Behavioral Treatment

Behavioral Treatment: Voice Rest & Voice Therapy

Most vocal fold lesions are directly or indirectly related to the stresses placed on the vocal folds from voice use, known as phonotrauma. This means that changes in vocal behavior are usually a very important part of treatment.

Voice Rest

Voice rest is the most basic behavioral change. Total voice rest refers to no voice use at all, whereas relative voice rest refers to limited voice use. Voice use may be limited in amount, in volume or under certain conditions, such as noisy environments. It is important to discuss the terms of relative voice rest with your physician or voice therapist in detail, as some behaviors which are commonly thought to be helpful, like whispering, are in fact counterproductive.

Voice rest by itself does not fundamentally change any voice behaviors. Rather, it just gives the vocal folds some ‘time off.’ Therefore, voice rest does not address any underlying problems in a given condition, but does allow healing of a temporary condition.

Voice rest is commonly used in:

Historically, voice rest has been one of the most overused treatments in laryngology . A week or perhaps two is usually enough for voice rest to achieve maximum benefit.
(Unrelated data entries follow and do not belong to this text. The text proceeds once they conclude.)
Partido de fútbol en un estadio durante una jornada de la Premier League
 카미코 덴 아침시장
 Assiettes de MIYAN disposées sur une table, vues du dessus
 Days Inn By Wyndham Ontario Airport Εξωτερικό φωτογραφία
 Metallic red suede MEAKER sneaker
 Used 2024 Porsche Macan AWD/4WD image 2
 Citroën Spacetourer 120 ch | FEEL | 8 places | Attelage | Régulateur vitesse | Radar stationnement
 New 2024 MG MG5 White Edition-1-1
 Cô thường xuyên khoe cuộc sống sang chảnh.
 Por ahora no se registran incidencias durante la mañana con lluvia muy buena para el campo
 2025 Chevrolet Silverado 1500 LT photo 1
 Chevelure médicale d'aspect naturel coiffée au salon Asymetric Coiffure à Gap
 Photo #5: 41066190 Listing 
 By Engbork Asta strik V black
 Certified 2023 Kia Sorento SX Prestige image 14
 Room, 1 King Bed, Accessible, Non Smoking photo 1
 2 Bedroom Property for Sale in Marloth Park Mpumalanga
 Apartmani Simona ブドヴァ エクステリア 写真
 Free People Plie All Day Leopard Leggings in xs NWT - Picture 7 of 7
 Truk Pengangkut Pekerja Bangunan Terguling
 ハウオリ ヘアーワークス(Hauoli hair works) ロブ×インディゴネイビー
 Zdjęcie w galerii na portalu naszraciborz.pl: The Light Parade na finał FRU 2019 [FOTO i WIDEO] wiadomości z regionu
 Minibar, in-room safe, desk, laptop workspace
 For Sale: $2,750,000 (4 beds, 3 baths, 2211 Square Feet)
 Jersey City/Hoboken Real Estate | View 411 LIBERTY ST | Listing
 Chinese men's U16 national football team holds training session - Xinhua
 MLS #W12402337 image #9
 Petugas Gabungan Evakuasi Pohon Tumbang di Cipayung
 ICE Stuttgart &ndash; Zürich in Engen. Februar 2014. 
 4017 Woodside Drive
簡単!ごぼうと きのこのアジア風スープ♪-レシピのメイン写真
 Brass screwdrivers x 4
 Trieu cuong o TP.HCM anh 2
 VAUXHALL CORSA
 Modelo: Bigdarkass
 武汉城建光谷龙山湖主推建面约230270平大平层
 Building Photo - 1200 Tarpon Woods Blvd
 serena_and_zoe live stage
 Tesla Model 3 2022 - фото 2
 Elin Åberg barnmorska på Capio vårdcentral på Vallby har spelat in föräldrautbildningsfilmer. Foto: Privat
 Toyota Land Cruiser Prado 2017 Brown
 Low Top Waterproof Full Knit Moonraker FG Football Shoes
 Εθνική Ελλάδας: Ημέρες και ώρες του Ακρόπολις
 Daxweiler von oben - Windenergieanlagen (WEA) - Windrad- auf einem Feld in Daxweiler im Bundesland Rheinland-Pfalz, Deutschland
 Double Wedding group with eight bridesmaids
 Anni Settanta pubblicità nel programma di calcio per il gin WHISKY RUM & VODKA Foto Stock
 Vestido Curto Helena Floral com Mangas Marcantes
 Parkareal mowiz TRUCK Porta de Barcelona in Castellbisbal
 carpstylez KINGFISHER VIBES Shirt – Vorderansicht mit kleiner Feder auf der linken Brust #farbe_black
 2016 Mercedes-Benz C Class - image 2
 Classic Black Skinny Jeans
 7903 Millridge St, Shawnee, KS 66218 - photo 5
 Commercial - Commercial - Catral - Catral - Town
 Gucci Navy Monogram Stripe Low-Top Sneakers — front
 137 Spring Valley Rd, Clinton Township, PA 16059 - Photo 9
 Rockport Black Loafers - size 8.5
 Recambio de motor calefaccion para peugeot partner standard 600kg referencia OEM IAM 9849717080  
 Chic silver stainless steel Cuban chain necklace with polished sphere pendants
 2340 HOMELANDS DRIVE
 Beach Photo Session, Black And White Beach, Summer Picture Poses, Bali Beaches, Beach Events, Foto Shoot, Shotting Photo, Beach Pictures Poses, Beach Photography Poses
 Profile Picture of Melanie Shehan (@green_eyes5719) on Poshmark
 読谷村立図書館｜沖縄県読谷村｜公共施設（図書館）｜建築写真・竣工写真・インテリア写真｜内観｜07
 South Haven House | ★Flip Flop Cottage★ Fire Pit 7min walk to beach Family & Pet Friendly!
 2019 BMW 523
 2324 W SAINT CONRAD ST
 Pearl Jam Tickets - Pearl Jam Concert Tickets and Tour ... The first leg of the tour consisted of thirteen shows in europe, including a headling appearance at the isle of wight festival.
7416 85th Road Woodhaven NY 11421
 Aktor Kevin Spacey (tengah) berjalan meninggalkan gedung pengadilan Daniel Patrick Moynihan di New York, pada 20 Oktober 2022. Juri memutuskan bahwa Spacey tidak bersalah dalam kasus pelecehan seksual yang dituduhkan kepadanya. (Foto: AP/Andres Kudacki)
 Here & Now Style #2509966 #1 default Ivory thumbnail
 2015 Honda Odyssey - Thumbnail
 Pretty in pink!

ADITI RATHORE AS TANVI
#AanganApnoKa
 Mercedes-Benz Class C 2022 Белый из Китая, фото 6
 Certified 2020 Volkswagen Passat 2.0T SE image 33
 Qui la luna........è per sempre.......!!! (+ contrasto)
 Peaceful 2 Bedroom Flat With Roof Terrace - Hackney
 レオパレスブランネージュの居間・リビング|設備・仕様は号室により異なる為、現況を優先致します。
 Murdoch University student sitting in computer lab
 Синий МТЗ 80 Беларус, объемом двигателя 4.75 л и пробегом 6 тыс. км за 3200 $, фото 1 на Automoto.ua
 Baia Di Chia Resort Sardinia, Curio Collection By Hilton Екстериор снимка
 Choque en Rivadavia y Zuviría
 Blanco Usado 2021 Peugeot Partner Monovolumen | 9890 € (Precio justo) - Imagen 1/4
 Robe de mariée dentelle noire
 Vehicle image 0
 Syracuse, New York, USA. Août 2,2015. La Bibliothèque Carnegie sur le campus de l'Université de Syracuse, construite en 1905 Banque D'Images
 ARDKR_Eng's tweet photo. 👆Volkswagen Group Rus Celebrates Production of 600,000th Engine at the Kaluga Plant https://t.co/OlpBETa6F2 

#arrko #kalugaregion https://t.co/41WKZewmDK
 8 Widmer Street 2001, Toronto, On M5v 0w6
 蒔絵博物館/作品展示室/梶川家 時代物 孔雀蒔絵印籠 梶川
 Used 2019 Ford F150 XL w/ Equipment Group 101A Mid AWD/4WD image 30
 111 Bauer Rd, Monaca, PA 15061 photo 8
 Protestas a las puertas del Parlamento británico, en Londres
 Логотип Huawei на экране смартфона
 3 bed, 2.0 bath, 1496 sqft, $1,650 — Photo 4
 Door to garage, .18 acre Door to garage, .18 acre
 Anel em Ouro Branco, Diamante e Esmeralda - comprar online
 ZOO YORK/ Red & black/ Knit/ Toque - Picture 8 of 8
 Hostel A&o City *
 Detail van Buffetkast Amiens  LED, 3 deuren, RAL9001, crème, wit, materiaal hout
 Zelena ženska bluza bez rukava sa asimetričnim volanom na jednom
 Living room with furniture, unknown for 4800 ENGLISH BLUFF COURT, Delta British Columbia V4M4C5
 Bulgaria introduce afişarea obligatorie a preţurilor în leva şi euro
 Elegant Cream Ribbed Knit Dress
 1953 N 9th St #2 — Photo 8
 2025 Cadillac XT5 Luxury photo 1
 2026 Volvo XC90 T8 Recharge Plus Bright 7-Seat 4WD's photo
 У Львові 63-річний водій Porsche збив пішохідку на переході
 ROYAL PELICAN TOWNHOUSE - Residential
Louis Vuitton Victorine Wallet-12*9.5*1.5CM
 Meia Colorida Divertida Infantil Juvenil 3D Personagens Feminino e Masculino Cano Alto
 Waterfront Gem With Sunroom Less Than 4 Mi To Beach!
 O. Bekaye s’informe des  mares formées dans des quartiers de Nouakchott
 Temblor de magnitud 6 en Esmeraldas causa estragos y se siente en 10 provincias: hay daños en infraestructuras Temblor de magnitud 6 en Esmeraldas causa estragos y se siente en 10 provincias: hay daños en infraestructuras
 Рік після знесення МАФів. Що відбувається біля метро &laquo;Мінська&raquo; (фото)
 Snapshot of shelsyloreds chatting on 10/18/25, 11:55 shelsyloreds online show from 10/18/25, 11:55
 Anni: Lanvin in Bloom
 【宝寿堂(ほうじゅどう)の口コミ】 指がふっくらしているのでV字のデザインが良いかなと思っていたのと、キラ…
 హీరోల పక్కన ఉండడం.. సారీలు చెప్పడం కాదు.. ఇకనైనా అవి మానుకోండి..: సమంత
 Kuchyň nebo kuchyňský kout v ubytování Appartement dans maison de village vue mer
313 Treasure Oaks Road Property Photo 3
Longer periods of voice rest are almost never helpful, and may only be serving to mask the problem and delay effective treatment.

Voice Therapy

Voice therapy aims to change harmful vocal behaviors. It consists of both education and exercises. These are aimed at correcting generally harmful vocal behaviors as well as the specific behaviors and conditions that have created the problem being treated. Voice therapy is administered by a speech-language pathologist with a special competence in voice.